Monthly Archives: April 2017

Compressibility of the DPLA Creator Field by Hub

This is the second post in a series of posts exploring the metadata from the Digital Public Library of America.

In the first post I introduced the idea of using compressibility of a field as a measure of quality.

This post I wanted to look specifically at the dc.creator field in the DPLA metadata dataset.

DC.Creator Overview

The first thing to do is to give you an overview of the creator field in the DPLA metadata dataset.

As I mentioned in the last post there are a total of 15,816,573 records in the dataset I’m working with.  These records are contributed from a wide range of institutions from across the US through Hubs.  There are 32 hubs present in the dataset with 102 records that for one reason or another aren’t associated with a hub and which have a “None” for the hub name.

In the graph below you can see how the number of records are distributed across the different hubs.

Total Records by Hub

These are similar numbers to what you see in the more up-to-date numbers on the DPLA Partners page.

The next chart shows how the number of records per hub and the number of records with creator values compare.

Total Records and Records with Creators by Hub

You should expect that the red columns in the table above will most often be shorter than the blue columns.

Below is a little bit different way of looking at that same data.  This time it is the percentage of records that contain a creator.

Records with Creator to Total Records

You see that a few of the hubs have almost 100% of their records with a creator, while others have a very low percentage of records with creators.

Looking at the number of records that have a creator value and then the total number of names you can see that some hubs like hathitrust have pretty much a 1 to 1 name to record ratio while others like nara have multiple names per record.

Total Creators and Name Instances

To get an even better sense of this you can look at the average creator/name per record.

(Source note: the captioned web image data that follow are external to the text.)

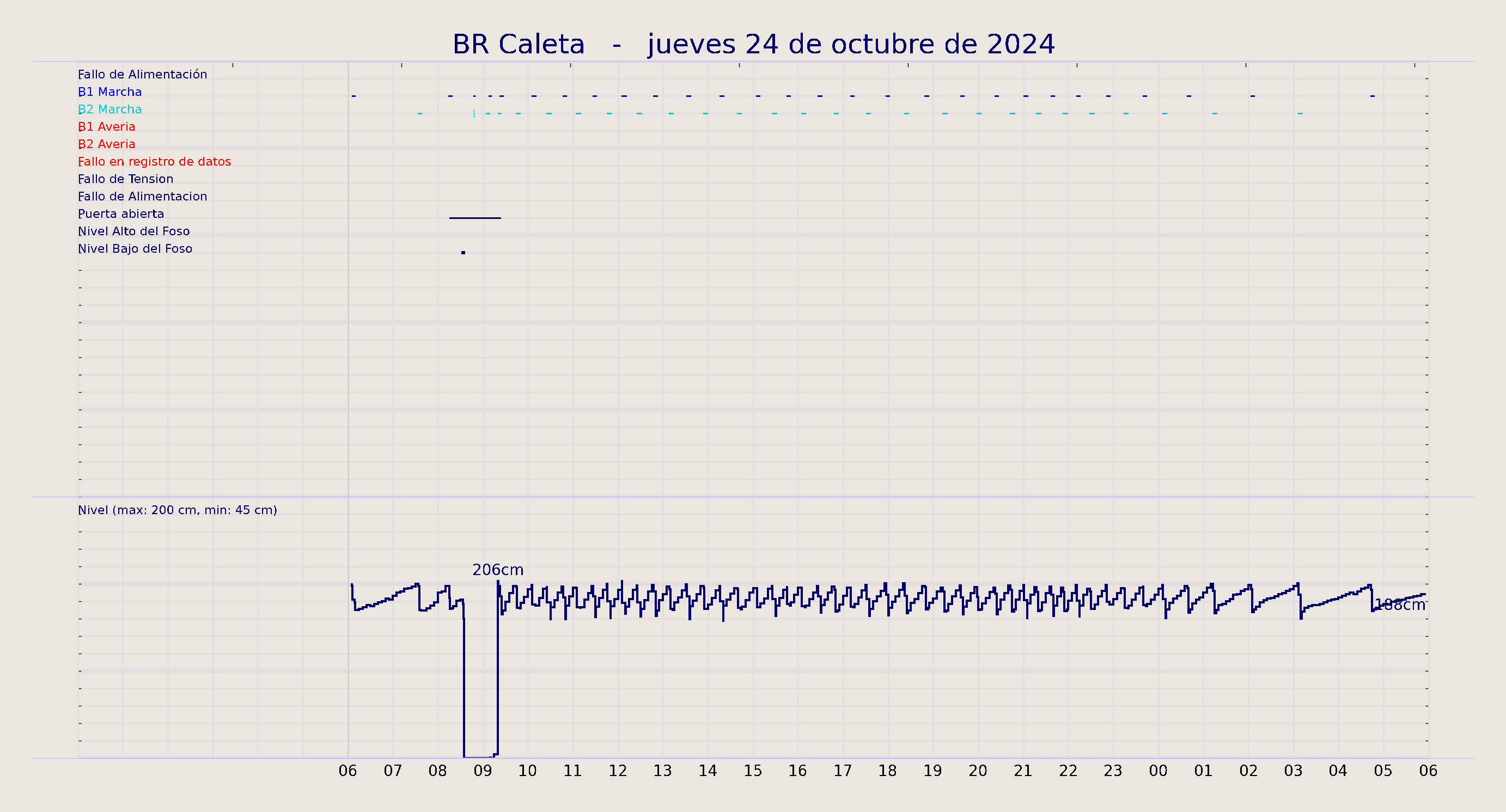../../imagenes/vid/2024/BR Caleta/2024-10-24 BR Caleta.png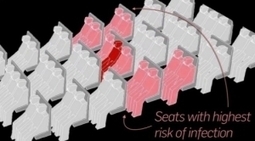 INFECTIONS A&Eacute;ROPORT&Eacute;ES: Les particules virales voyagent aussi en vol - Sant&eacute; log | M&eacute;canique des fluides | Scoop.it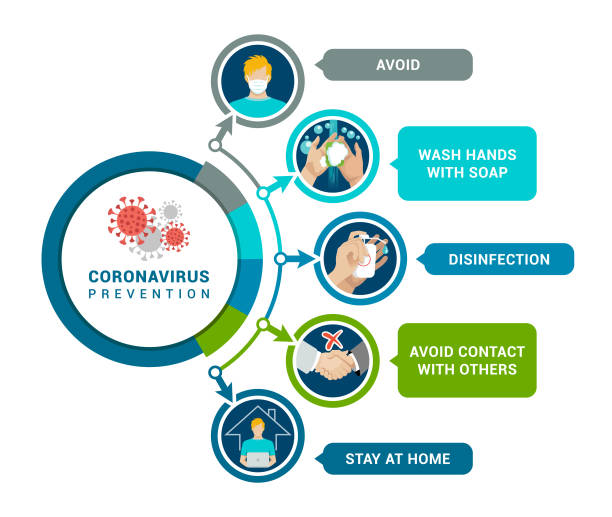 ilustrações de stock, clip art, desenhos animados e ícones de coronavirus prevention. coronavirus 2019-ncov infographic - flu virus hygiene doctor symbol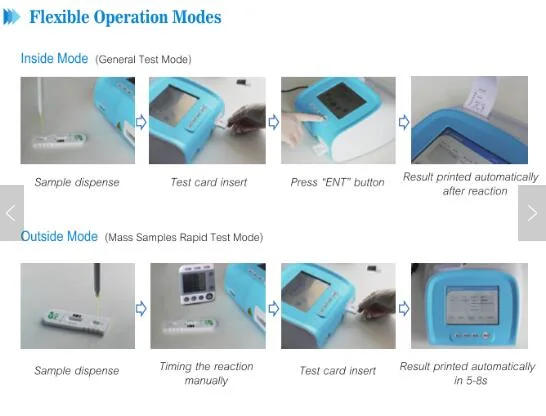 Immunoassay System Hormones Analyzer (FIA-8000)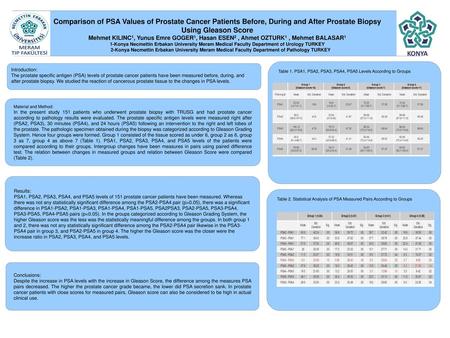 Comparison of PSA Values of Prostate Cancer Patients Before, During and After Prostate Biopsy Using Gleason Score Mehmet KILINC1, Yunus Emre GOGER1, Hasan.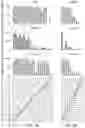Fig. 05 - Using RNA-guided FokI nucleases (RFNs) to increase specificity for RNA-guided genome editing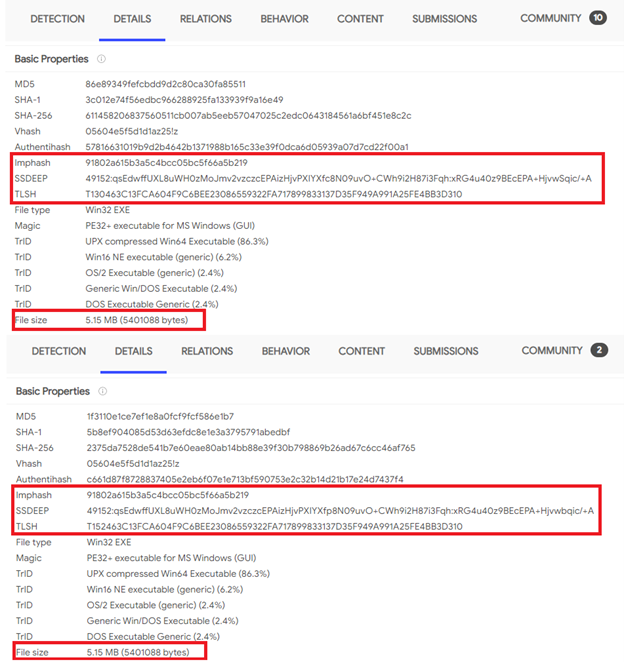 Screenshots of VirusTotal.com showing file properties of original GoldMax malware and the new variant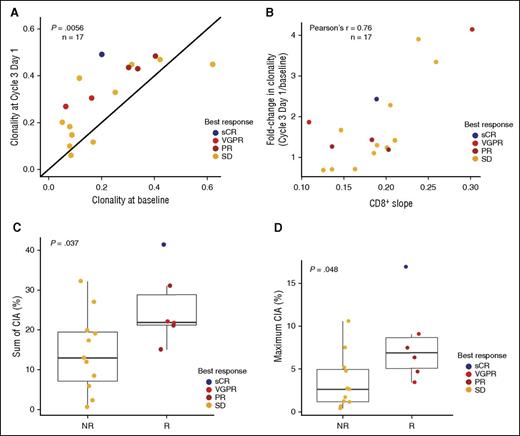 Figure 6. Effect of daratumumab treatment on T-cell clonality. Patients with pre- and posttreatment samples were evaluated (n = 17). TCR clonality (A) increased during treatment with daratumumab and (B) was correlated with increases in CD8+ T cells. The sum of absolute CIA in responders and nonresponders is shown (C) for each expanded T-cell clone and (D) maximum CIA of a single T-cell clone. NR, nonresponder; R, responder.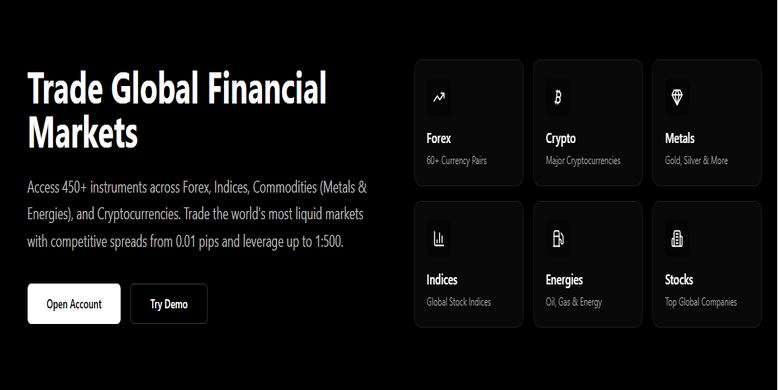 GenesisFX Markets tradable markets across forex, indices, metals, energies and cryptocurrencies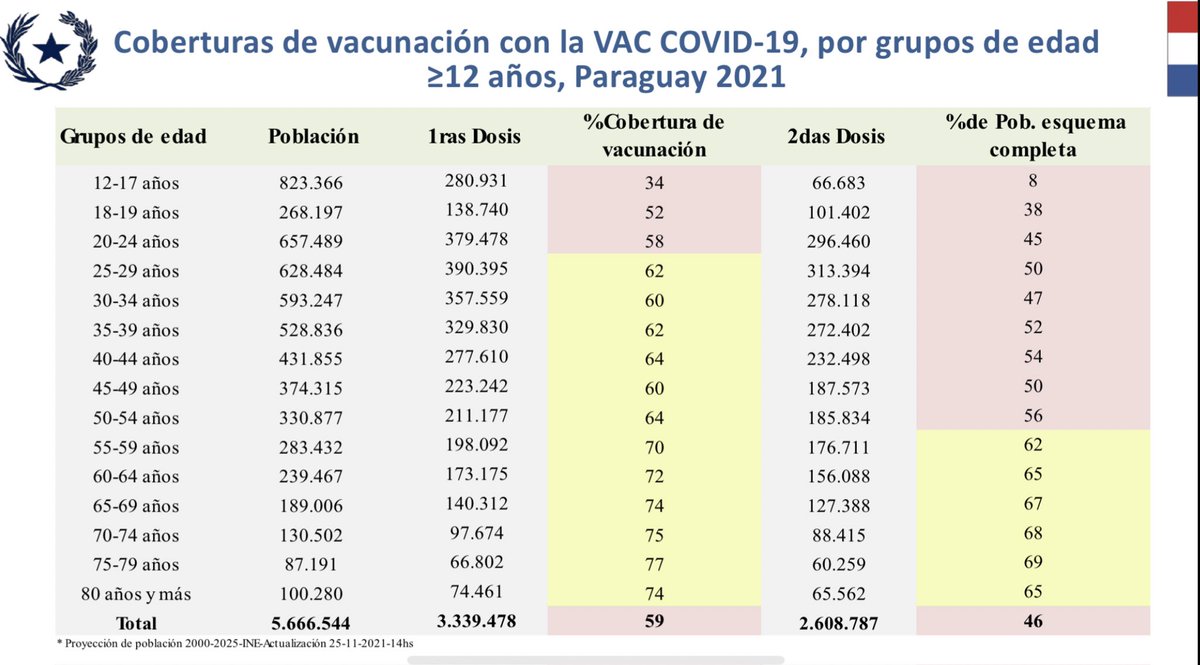 hrcastrol's tweet photo. “La aparición de nuevas variantes sí tiene que ver con la vacunación, porque mientras no todo el mundo esté vacunado, tendremos brotes de replicación del coronavirus en muchas personas que abren la posibilidad para que se generen nuevas variantes” https://t.co/Y50OoMgVfR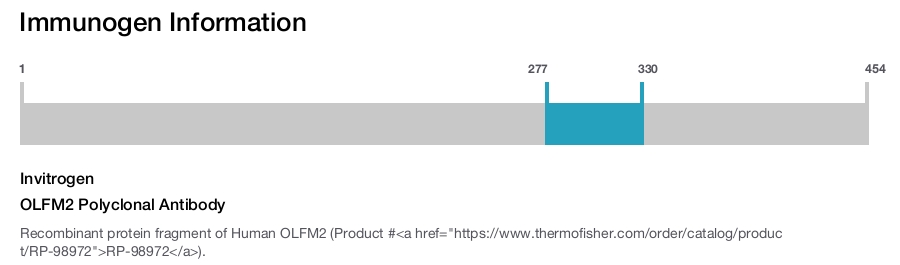 OLFM2 Polyclonal Antibody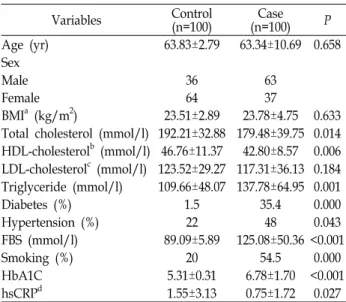 Table  1.  Clinical  data  of  patients  and  controls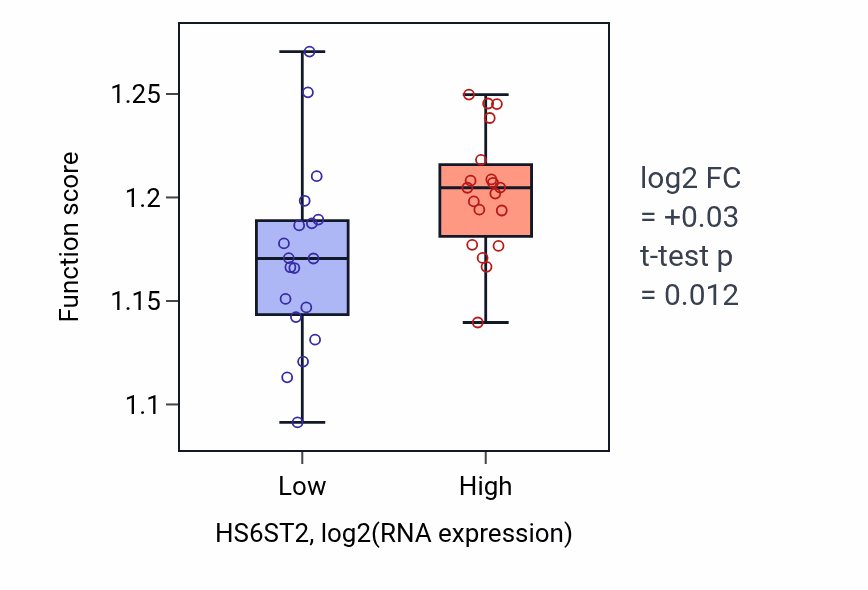 Box plot of Regulation of mRNA catabolic process in HS6ST2-low vs HS6ST2-high samples in BONE.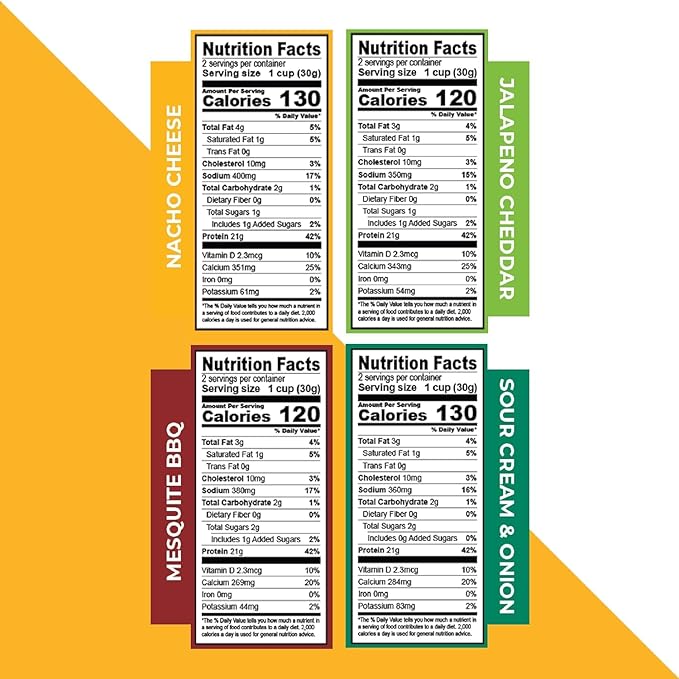 Twin Peaks Protein Puffs & Italian Dressing Starter Pack – Low Carb, Keto-Friendly, High Protein, Gluten-Free Snack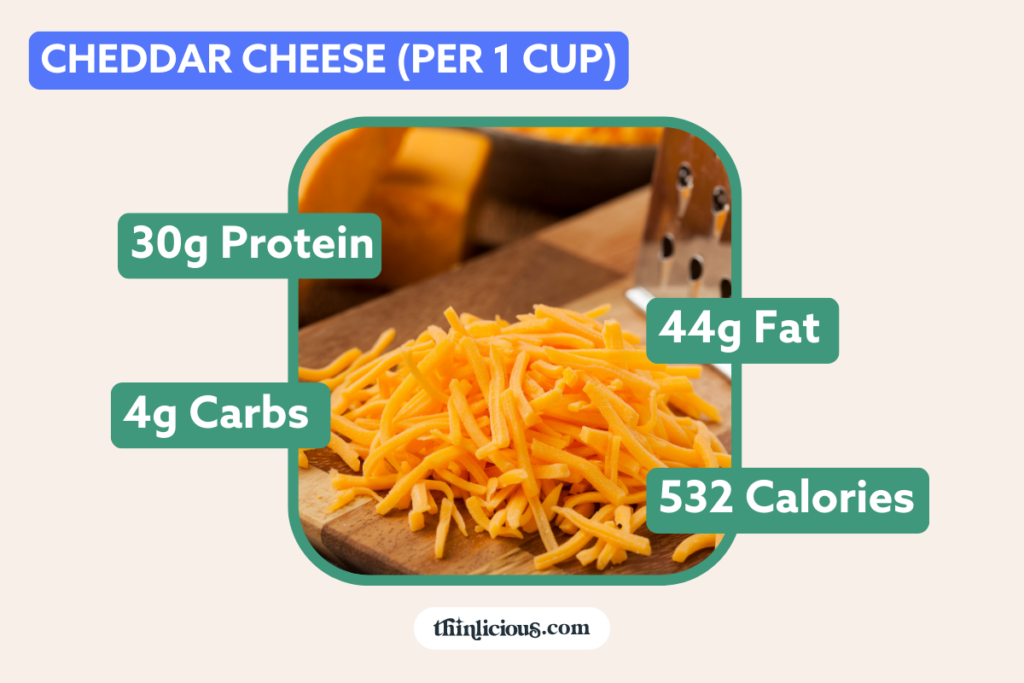 Meat Protein Charts (What Meat Has the Most Protein?) - Thinlicious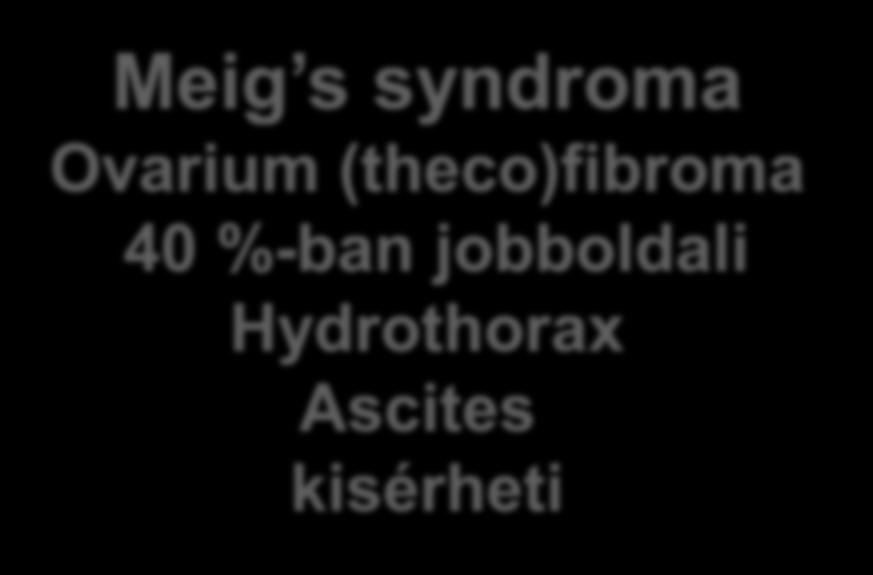Peritoneum pathologiája 1. Primér tumorok mesothelioma 80%-ban azbeszt expozició 2.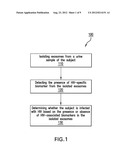 DETECTION OF HIV-RELATED PROTEINS IN URINE diagram and image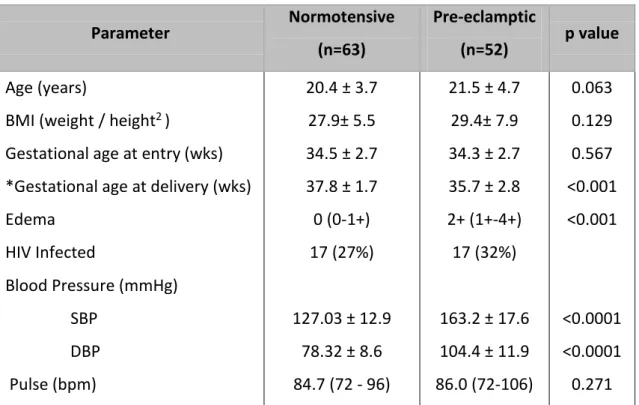 Table 2: Demographic data in normotensive and pre-eclamptic patients (mean ± SD)   Parameter  Normotensive 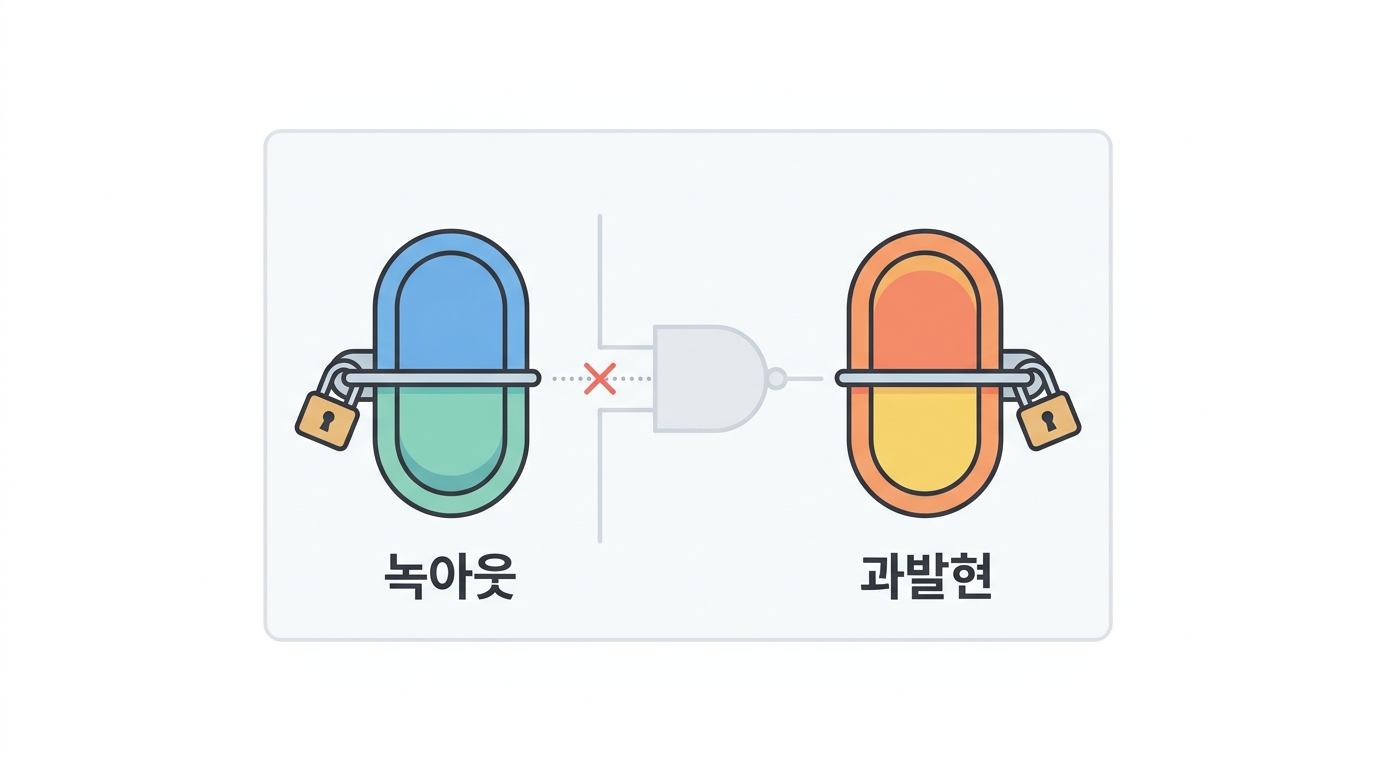 Perturbation — the one line that pins a gene down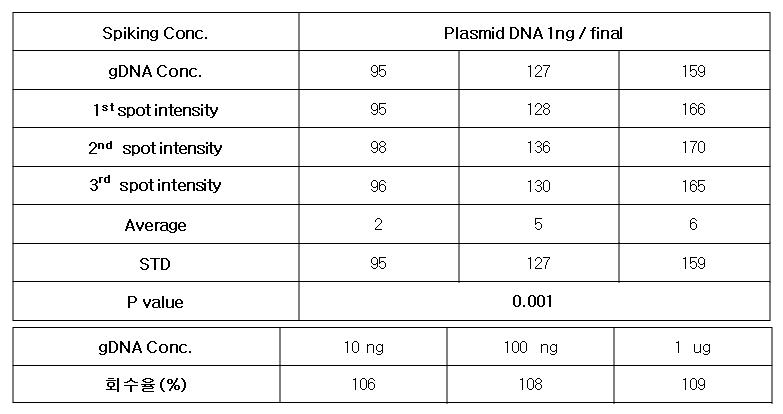 Data analysis from dot blotting of E. coli DH5α genomic DNA spiking with plasmid DNA.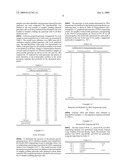 NESTED PCR-BASED METHOD FOR SPECIFIC GENOTYPING OF THE FC GAMMA RECEPTOR IIIA GENE diagram and image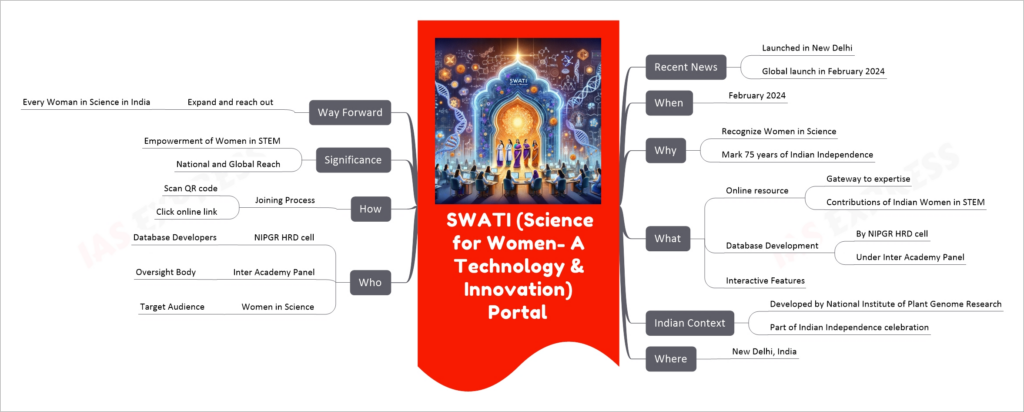 SWATI (Science for Women- A Technology & Innovation) Portal mind map
Recent News
Launched in New Delhi
Global launch in February 2024
When
February 2024
Why
Recognize Women in Science
Mark 75 years of Indian Independence
What
Online resource
Gateway to expertise
Contributions of Indian Women in STEM
Database Development
By NIPGR HRD cell
Under Inter Academy Panel
Interactive Features
Indian Context
Developed by National Institute of Plant Genome Research
Part of Indian Independence celebration
Where
New Delhi, India
Who
NIPGR HRD cell
Database Developers
Inter Academy Panel
Oversight Body
Women in Science
Target Audience
How
Joining Process
Scan QR code
Click online link
Significance
Empowerment of Women in STEM
National and Global Reach
Way Forward
Expand and reach out
Every Woman in Science in India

In this chart you see that david_rumsey has 2.49 creators per record, this is followed by nara at 2.03, bhl with 1.78 and internet_archive at 1.70. There are quite a few (14) hubs that have very close to 1 name per record on average.

Average Names Per Record

The next thing to look at is the number of unique names per hub.  The hathitrust hub sticks out again with the most unique names for a hub in the DPLA.

Unique Creators by Hub

Looking at the ratio between the number of unique names and number of creator instances you can see there is something interesting happening with the nara hub.  I put the chart below on a logarithmic scale so you can see things a little better.  Notice that nara has a 1,387:1 ratio between the number of unique creators and the creator instances.

Creator to Unique Ratio

One way to interpret this is to say that the hubs that have the higher ratio have more records that share the same name/creator among records.


Now that we have an overview of the creator field as a whole we want to turn our attention to the compressibility of each of the fields.

I decided to compare the results of four different algorithms, lowercase hash, normalize hash, fingerprint hash, and aggressive fingerprint hash. Below is a table that shows the number of unique values for that field after each of the values has been hashed.  You will notice that as you read from left to right the number will go down.  This relates to the aggressiveness of the hashing algorithms being used.

Hub Unique Names Lowercase Hash Normalize Hash Fingerprint Hash Aggressive Fingerprint Hash
artstor 7,552 7,547 7,550 7,394 7,304
bhl 44,936 44,927 44,916 44,441 42,960
cdl 47,241 46,983 47,209 45,681 44,676
david_rumsey 8,861 8,843 8,859 8,488 8,375
digital-commonwealth 32,028 32,006 32,007 31,783 31,568
digitalnc 31,016 30,997 31,006 30,039 29,730
esdn 22,401 22,370 22,399 21,940 21,818
georgia 21,821 21,792 21,821 21,521 21,237
getty 2,788 2,787 2,787 2,731 2,724
gpo 29,900 29,898 29,898 29,695 29,587
harvard 4,865 4,864 4,855 4,845 4,829
hathitrust 876,773 872,702 856,703 838,848 780,433
il 16,014 15,971 15,983 15,569 15,409
indiana 6,834 6,825 6,832 6,692 6,650
internet_archive 105,381 105,302 104,820 102,390 99,729
kdl 3,098 3,096 3,098 3,083 3,066
mdl 69,617 69,562 69,609 69,013 68,756
michigan 2,725 2,715 2,723 2,676 2,675
missouri-hub 5,160 5,154 5,160 5,070 5,039
mwdl 49,836 49,724 49,795 48,056 47,342
nara 1,300 1,300 1,300 1,300 1,249
None 21 21 21 21 21
nypl 24,406 24,406 24,388 23,462 23,130
pennsylvania 10,350 10,318 10,349 10,056 9,914
scdl 11,976 11,823 11,973 11,577 11,368
smithsonian 67,941 67,934 67,826 67,242 65,705
the_portal_to_texas_history 28,686 28,653 28,662 28,154 28,066
tn 2,561 2,556 2,561 2,487 2,464
uiuc 3,524 3,514 3,522 3,470 3,453
usc 10,085 10,061 10,071 9,872 9,785
virginia 3,732 3,732 3,732 3,731 3,681
washington 12,674 12,642 12,669 12,184 11,659
wisconsin 19,973 19,954 19,960 19,359 19,127

Next I will work through each of the hashing algorithms and look at the compressibility of each field after the given algorithm has been applied.

Lowercase Hash: This hashing algorithm will convert all uppercase characters to lowercase and leave all lowercase characters unchanged.  The result of this is generally very low amounts of compressibility for each of the hubs.  You can see this in the chart below.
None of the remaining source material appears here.